The Welsh Government set up 43 monitoring sites across nine areas last year - including Allt-yr-yn in Newport.

Researchers monitored vehicle speeds over four weeks in July and early September, when the roads had a 30mph limit, and again over two weeks in November and December to gauge the effects of 20mph.

South Wales Argus: The Welsh Government has published its first findings after the 20mph limit which came in last SeptemberThe Welsh Government has published its first findings after the 20mph limit which came in last September (Image: PA)

It shows speeds on affected roads in Allt-yr-yn, Newport, have fallen from 26.1mph to 23.1mph.

Speeds in Blaenavon, Cwmbran and Pontypool have fallen from 29.4mph to 26.5mph for an even smaller decrease of just 2.9mph.

Across all the monitoring sites, average speeds fell from 28.9mph to 24.8mph for a reduction of 4.1mph.

The Welsh Government expects a six per cent reduction in collisions for every 1mph reduction on urban roads.

Deputy climate change minister Lee Waters, whose responsibility for transport saw him play a leading role in implementing the policy, said the data was “clear evidence” of falling speeds across Wales.

“We’ve still got a way to go, but it’s encouraging to see that things are moving in the right direction,” he said. “Every 1mph reduction in speed makes a real difference – so this is a real turning point.”

Barmy or beneficial?

The government hopes the slower traffic will foster safer streets and other modes of travel such as walking or cycling.

The data shows some early signs of success in terms of reducing the number of cars on the road.

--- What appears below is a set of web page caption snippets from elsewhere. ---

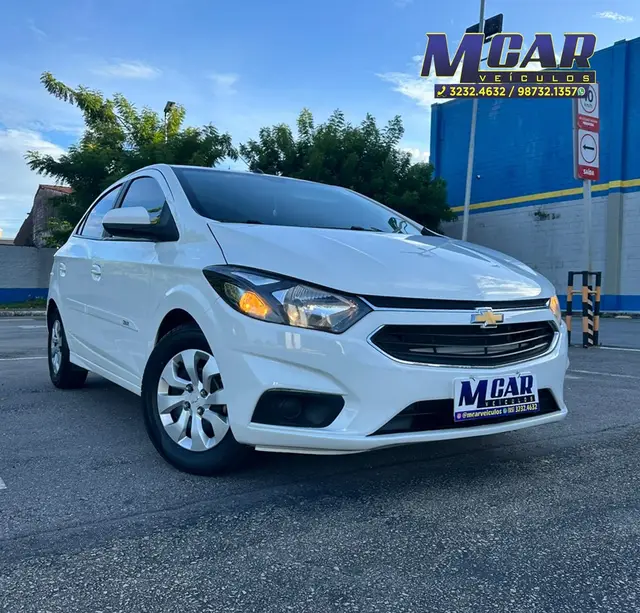 Carro Chevrolet Onix 2019 1.0 LT SPE/4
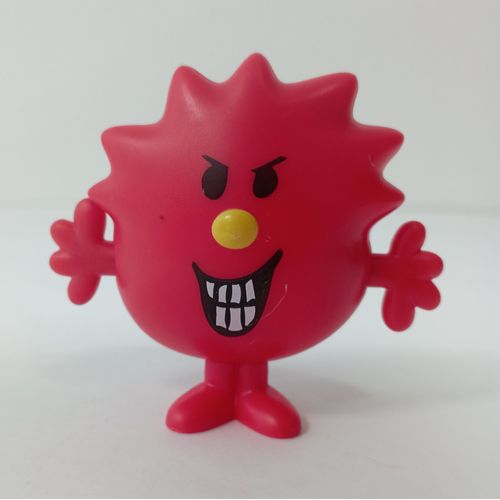 Figurine Monsieur / Madame - Madame Terreur - Mc Donald's (Happy Meal)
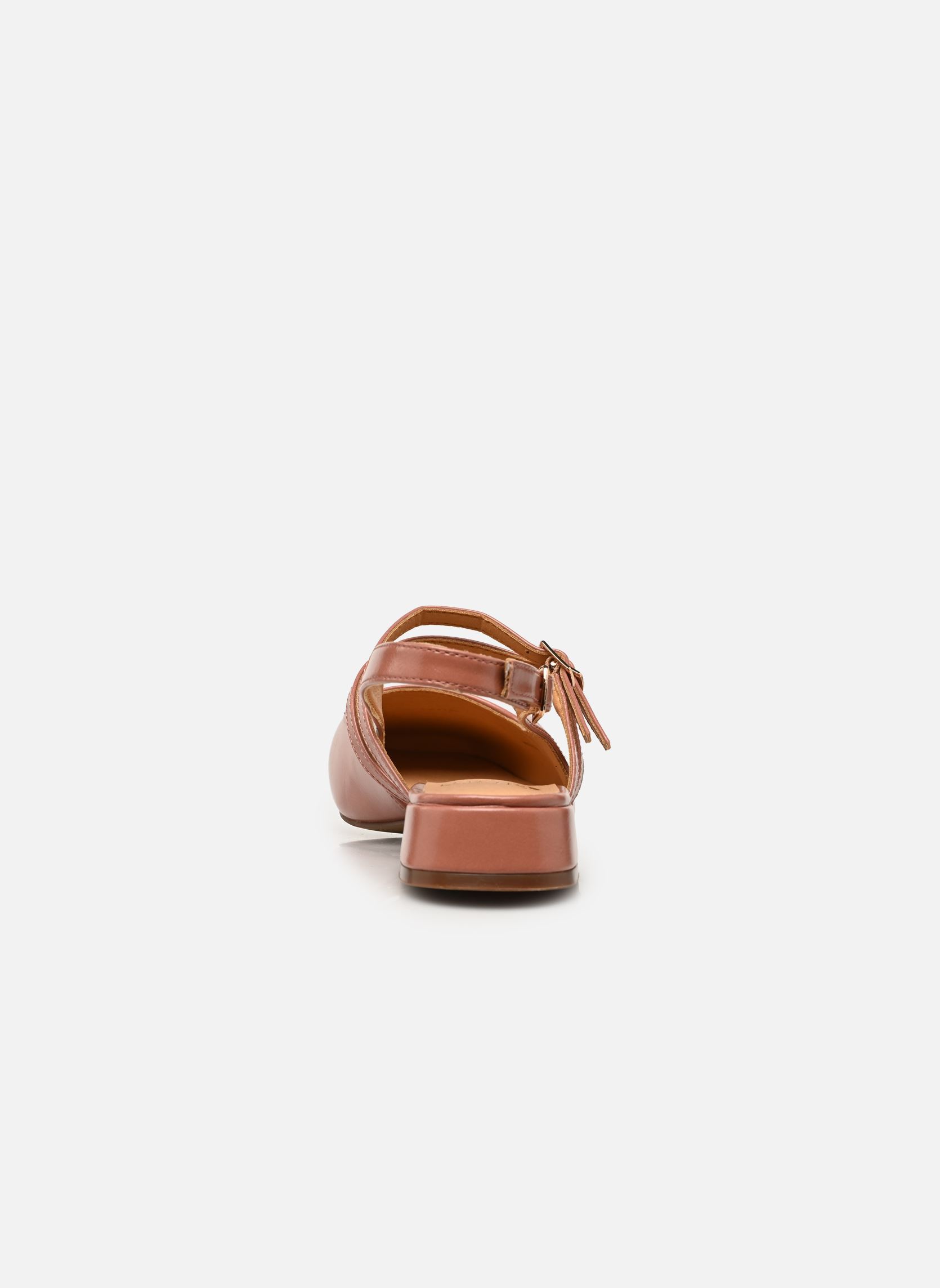 Pumps mit Riemchen BISMA damen rosa Eram Pumps mit Riemchen BISMA damen rosa Vieux rose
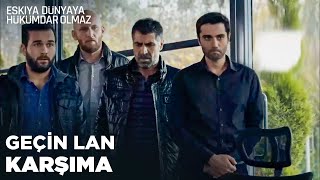 Hızır, Alpaslan ve çetesini karşısında dizdi - Eşkıya Dünyaya Hükümdar Olmaz 47. Bölüm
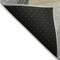 Homeroots 3' X 5' Gray Silver And Rust Abstract Washable Indoor Outdoor Area Rug 616754 - alternate 3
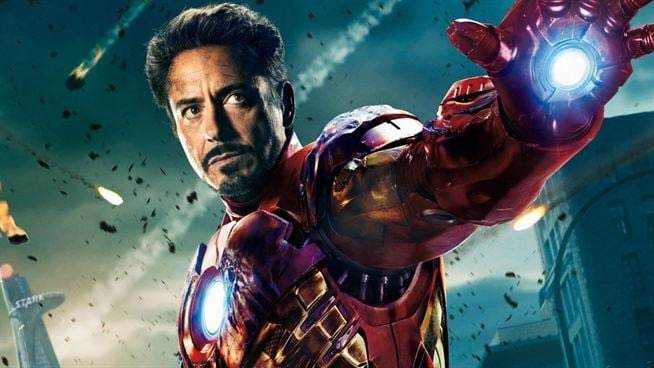 Iron Man Iron Man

In eight of the nine areas studied, there were fewer vehicles in the post-20mph period - despite it coming in the busy Christmas build-up.

In Torfaen, there were 300,461 vehicles recorded per week in November and December, down from 315,892 in the earlier part of the year.

Allt-yr-yn was the only area where the number of vehicles per week increased - from 108,148 to 117,877.

Welsh Conservative shadow transport minister Natasha Asghar said the 4mph reduction showed the controversial policy to be a “monumental waste of time and resources”.

She added: “To sacrifice billions of pounds from the Welsh economy all for the sake of 4mph may satisfy Labour, but it is not a trade the Welsh Conservatives would be willing to make.

“On day one of a Welsh Conservative government, this barmy policy would be scrapped and common sense would prevail.”